■ **What is needed**:
Only the lines from the first line of the records through the line containing "Avizar Housse Samsung" belong in the answer. Copy them exactly.

■ **Records for processing**:
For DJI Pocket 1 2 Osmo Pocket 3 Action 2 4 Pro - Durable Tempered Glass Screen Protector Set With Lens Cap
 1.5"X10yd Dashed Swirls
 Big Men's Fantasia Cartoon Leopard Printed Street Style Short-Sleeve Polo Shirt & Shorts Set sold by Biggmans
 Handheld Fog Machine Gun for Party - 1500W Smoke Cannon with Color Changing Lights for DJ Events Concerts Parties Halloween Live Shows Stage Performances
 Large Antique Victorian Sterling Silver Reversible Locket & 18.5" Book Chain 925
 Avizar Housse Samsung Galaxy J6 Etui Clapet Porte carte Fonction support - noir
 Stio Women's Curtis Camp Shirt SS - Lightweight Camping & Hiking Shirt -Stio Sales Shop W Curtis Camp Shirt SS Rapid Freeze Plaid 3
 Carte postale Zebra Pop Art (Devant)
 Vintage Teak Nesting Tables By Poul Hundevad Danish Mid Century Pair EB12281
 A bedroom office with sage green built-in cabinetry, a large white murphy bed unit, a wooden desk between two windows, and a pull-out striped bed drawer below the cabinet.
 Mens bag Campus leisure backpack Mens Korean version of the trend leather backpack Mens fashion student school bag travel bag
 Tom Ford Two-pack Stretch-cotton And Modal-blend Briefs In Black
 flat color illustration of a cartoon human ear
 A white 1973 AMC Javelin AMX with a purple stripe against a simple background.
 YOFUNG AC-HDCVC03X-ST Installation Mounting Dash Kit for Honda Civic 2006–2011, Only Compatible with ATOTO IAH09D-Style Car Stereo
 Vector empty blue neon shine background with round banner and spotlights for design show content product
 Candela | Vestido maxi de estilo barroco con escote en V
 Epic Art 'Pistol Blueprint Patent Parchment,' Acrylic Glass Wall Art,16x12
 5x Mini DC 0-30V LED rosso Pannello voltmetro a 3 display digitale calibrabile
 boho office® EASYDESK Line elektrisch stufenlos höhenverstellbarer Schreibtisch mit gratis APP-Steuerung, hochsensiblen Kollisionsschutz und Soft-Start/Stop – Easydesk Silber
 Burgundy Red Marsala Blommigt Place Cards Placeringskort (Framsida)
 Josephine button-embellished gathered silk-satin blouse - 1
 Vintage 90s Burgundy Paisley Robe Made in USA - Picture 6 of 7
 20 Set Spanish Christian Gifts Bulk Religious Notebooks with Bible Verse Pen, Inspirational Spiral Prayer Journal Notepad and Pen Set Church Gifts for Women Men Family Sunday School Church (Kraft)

■ **Written answer**:
For DJI Pocket 1 2 Osmo Pocket 3 Action 2 4 Pro - Durable Tempered Glass Screen Protector Set With Lens Cap
 1.5"X10yd Dashed Swirls
 Big Men's Fantasia Cartoon Leopard Printed Street Style Short-Sleeve Polo Shirt & Shorts Set sold by Biggmans
 Handheld Fog Machine Gun for Party - 1500W Smoke Cannon with Color Changing Lights for DJ Events Concerts Parties Halloween Live Shows Stage Performances
 Large Antique Victorian Sterling Silver Reversible Locket & 18.5" Book Chain 925
 Avizar Housse Samsung Galaxy J6 Etui Clapet Porte carte Fonction support - noir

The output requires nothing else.